【アイディール・リーダーズ経営者勉強会レポート】「新しい経営」のすすめ Vol.2 “成熟期”にある日本の不都合な真実

「新しい経営」のすすめ
Vol.2 “成熟期”にある日本の不都合な真実

スズキ トモ氏講演「Well -beingの基礎としての『付加価値の適正分配経営』DS経営で描く人材獲得と持続的成長の未来」レポート

2025年は「DS経営」元年として記憶されるようになるかもしれない。早稲田大学商学学術院教授のスズキ トモ氏は、現在重視されている投資家偏重のコーポレート・ガバナンスの流れと一線を画した政策提言を積極的に行う新進気鋭の経済学者だ。

スズキ氏は、独自データを示しながら、日本の “資本主義”が空回りし、「失われた30年」から脱却できずにいる理由を鮮やかに解き明かす。そのうえで、日本経済を再び成長軌道に乗せるためには、行き過ぎた株主第一主義を改め、付加価値を適正に分配する「DS経営」へと大胆に舵を切るべきだ、と説く。

付加価値を適正に分配する経営とは何か?経営者にできることは何か?

2024年11月20日(水)17:30〜21:00、千代田区丸の内の東急リバブル株式会社ソリューション事業本部のセミナールームにておこなわれた、アイディール・リーダーズ経営者勉強会にてスズキ氏が行った講演レポートを全4回にまとめた。今回はVol.2をお届けする。

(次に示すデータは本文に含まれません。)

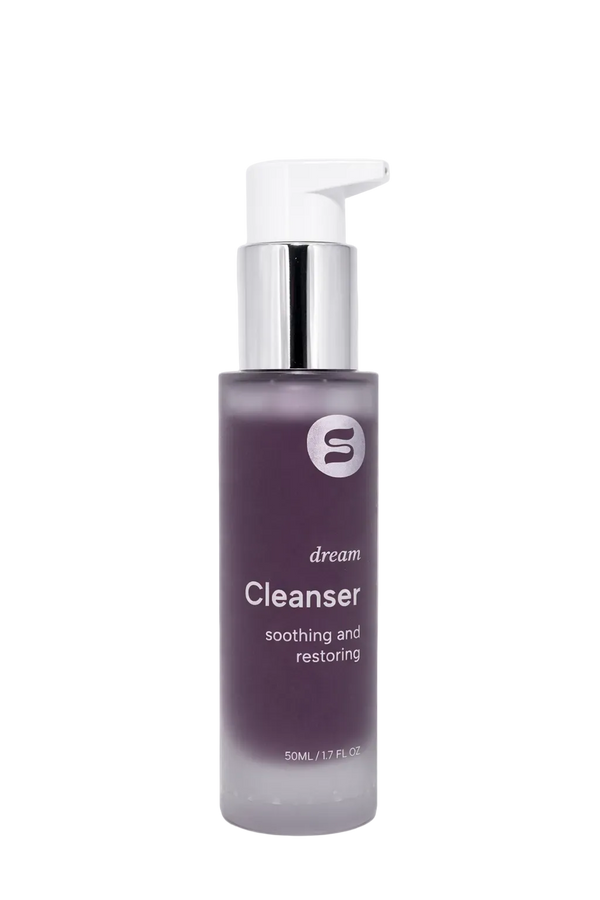 Dream Cleanser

Vol.1 我々は「失われた30年」でいったいなにを失ったのか? はこちら

 

スズキ トモ氏略歴

大手監査法人を経て、オックスフォード大学で「会計・経済の哲学(博士号)」取得。そのまま主任教授を務める。国連等の国際機関、チャールズ皇太子、中国、インド政府等との協働により政策提言。インドにおいて損益計算書に追加的な1行を加えることでCSR(企業の社会的責任)文化を根付かせた One Additional Line 革命で知られる。日本ではIFRSの強制適用を回避した『オックスフォード・レポート』(2012)、四半期報告書の廃止を実現した関経連レポート『成熟経済・社会の持続可能な発展のためのディスクロージャー・企業統治・市場に関する研究調査報告書』(2021)がある。総理大臣補佐官顧問等の立場から「付加価値の適正分配経営」を推進。著書に『新しい資本主義のアカウンティング:「利益」に囚われた成熟経済社会のアポリア』(2022中央経済社)や日経新聞『経済教室』「あるべき企業統治 ”付加価値の適正分配 再考を”」(2024・4)等がある。最新著作、月刊『資本市場』(2024年8月号)「成熟経済下の『資本市場の統治』― 株式報酬制度:付加価値の適正分配のナッジとして」では、岸田政権「新しい資本主義」政策のまとめと「従業員・国民の株主化」を論じている。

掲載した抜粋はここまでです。